Es muy llamativo el acento del profeta Malaquías en la primera lectura, que al inicio del texto dice: “¡Y ahora, para ustedes es esta advertencia, sacerdotes!”. Dejemos claro que los sacerdotes del Nuevo Testamento no tienen nada que ver con aquellos del Antiguo Testamento, hombres dedicados a los sacrificios y que no fueron importantes sino en los últimos 300 años a. C. De hecho, las figuras más destacadas entonces no eran sacerdotes, sino profetas, escribas y ancianos, en fin, estudiosos de la palabra. Los sacerdotes tenían un gran negocio con los sacrificios y esas ganancias enormes al ofrecer las víctimas. Es penoso reconocer que a veces no pasaban de ser simples carniceros. Por ello Malaquías, de parte de Dios, les reclama haber corrompido el culto usurpando posiciones de poder que no les correspondían, porque todos tenemos un solo Padre, nos ha creado un solo Dios y hemos traicionado la alianza.

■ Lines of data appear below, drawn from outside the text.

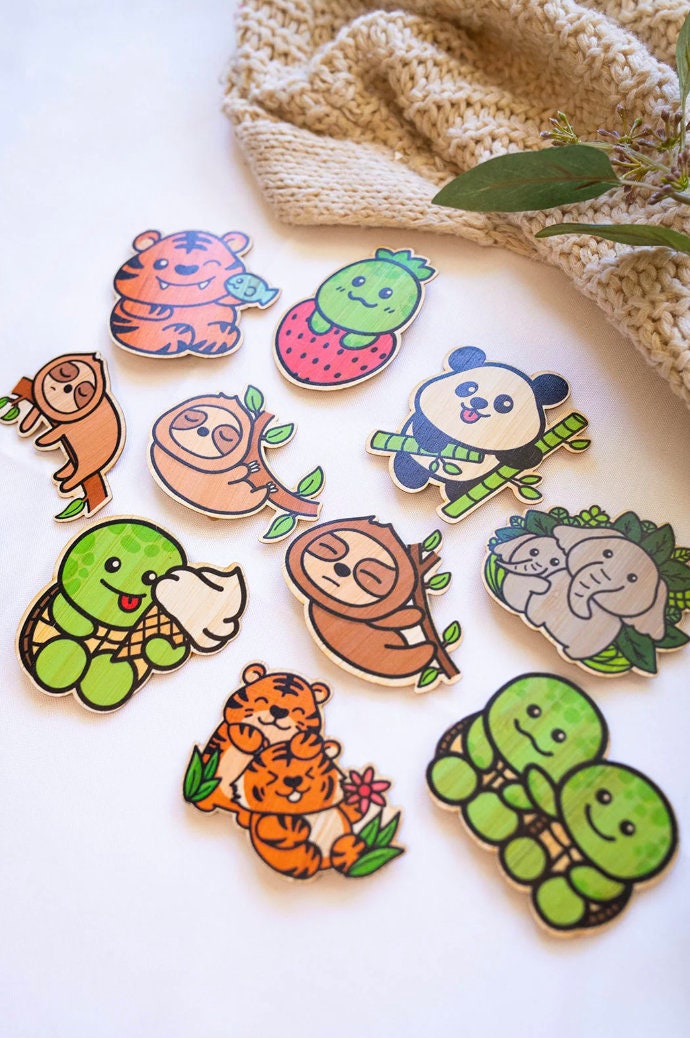 Zoo Animal Bamboo Sticker Set - Etsy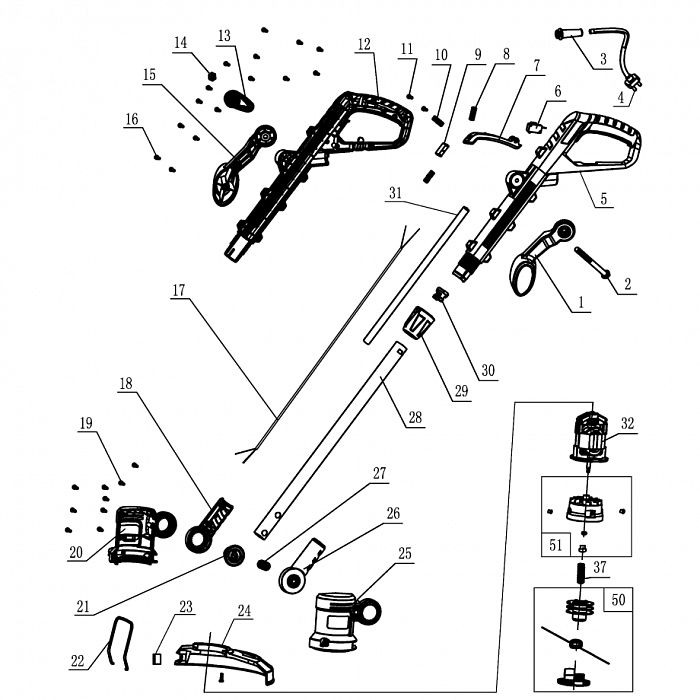 1 Электродвигатель - Щетки - Головка - Кожух - Якорь - Статор | Запчасти для триммера чемпион ЕТ351 |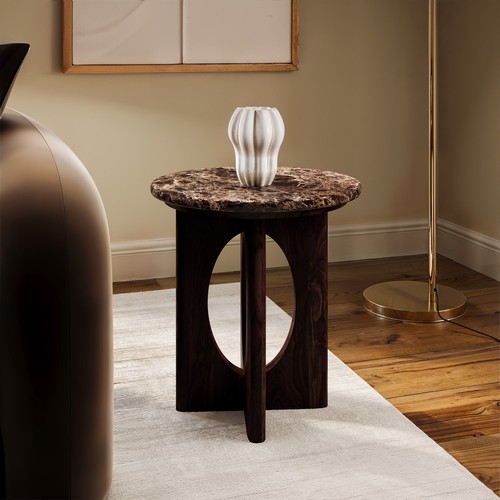 Round brown marble and - brown, walnut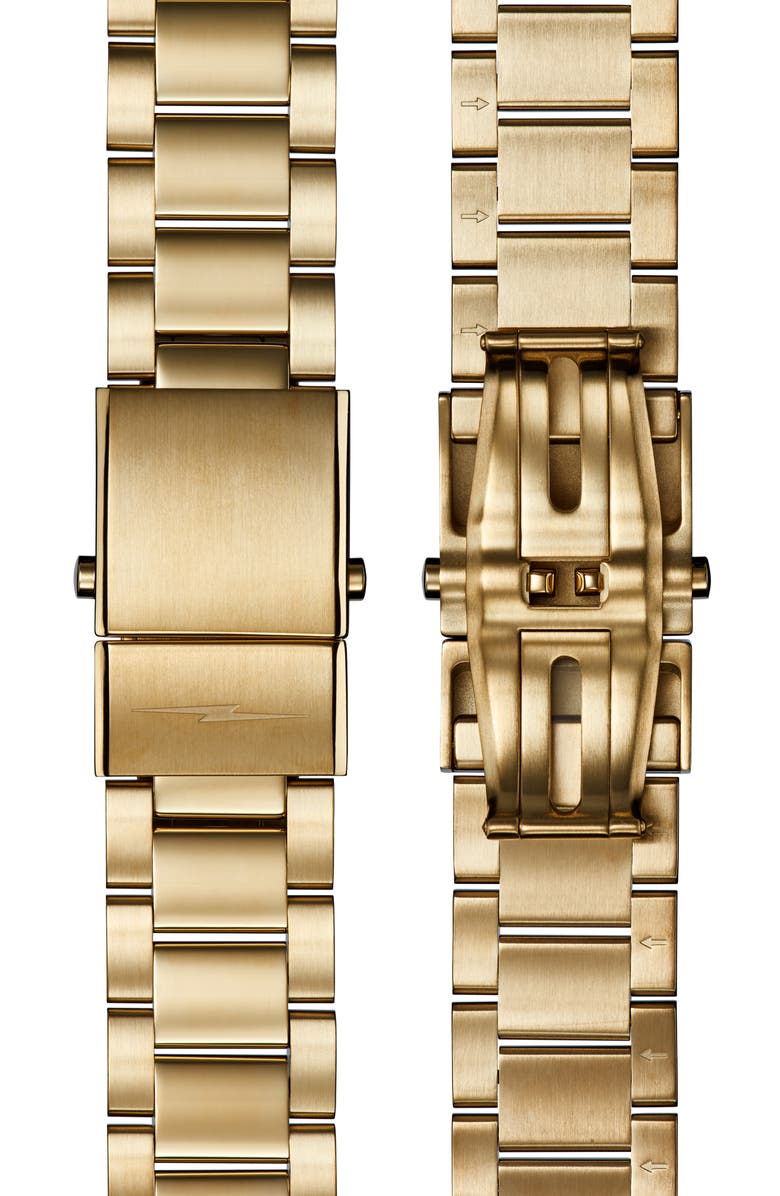 Shinola Canfield Sport Chronograph Bracelet Watch, 40mm, Alternate, color, Gold/White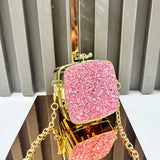 Hot Pink Glitter Square Clutch - AfterAmour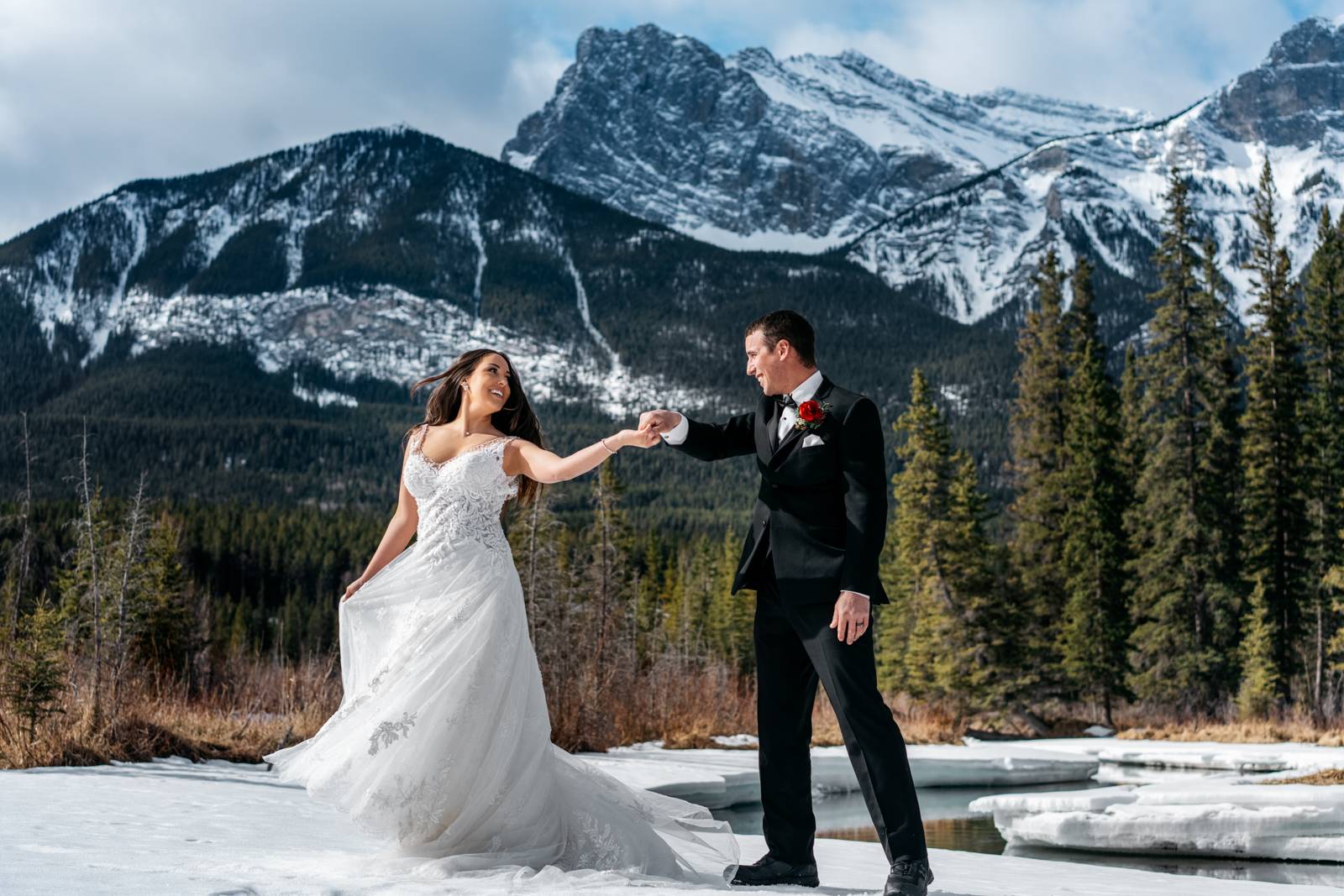 the groom turns the bride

En el texto del Evangelio Jesús, sin aludir a los sacerdotes que le interesan poco, se refiere a los escribas y fariseos, los maestros de la ley, los predicadores. Jesús, aún sabiendo que hay algunos que son buenos seres humanos, reconoce que hay muchos muy corruptos. Por ello pide a sus oyentes: “hagan y cumplan todo lo que ellos les digan, pero no se guíen por sus obras, porque no hacen lo que dicen”. La tajante sentencia de Cristo evidencia este valor supremo de la palabra de Dios que podría pasar por alto. De hecho, muchas veces rechazamos la predicación por el predicador, que es mediocre, pero la palabra siempre salva, incluso anunciada por un mediocre. Escuchemos la palabra y pongámosla en práctica porque nos traerá salvación, y no nos fijemos en quien la anuncia.

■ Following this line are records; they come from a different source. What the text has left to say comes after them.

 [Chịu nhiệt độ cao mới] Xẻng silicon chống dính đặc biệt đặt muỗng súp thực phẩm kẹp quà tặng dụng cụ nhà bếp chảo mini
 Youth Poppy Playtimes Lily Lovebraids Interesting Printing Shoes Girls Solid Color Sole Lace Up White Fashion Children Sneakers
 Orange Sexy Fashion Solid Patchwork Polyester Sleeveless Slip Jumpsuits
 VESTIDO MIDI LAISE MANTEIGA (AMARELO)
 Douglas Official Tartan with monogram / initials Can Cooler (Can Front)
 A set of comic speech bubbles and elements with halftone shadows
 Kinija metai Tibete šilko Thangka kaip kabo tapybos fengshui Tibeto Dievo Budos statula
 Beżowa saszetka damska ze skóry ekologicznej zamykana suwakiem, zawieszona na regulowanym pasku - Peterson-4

Cristo, pues, lamenta que haya quienes se dedican a la predicación buscando su propia zona de confort, ansiosos de tener una fuente de enriquecimiento, prestigio, poder, manipulación. Por eso el mismo uso de títulos para referirse a estos servidores de la palabra resulta peligroso. Porque eso de dejarse llamar maestro o padre, podría terminar siendo un mal signo. En realidad, todos dependemos de Dios.

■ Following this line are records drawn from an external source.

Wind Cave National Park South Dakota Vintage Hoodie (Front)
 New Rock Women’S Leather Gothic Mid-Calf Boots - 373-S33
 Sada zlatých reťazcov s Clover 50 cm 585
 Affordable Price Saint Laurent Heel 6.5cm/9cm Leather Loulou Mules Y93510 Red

En contraste con esta posición tan rala, lamentable y triste, la segunda lectura destaca la pureza de la tarea realizada por los predicadores del Nuevo Testamento. San Pablo garantiza que su propio trabajo fue en las mejores condiciones posible, como una madre que alimenta su hijo, en la certeza de que lo que ha anunciado es precisamente la Palabra de Dios que actúa con eficacia en los creyentes.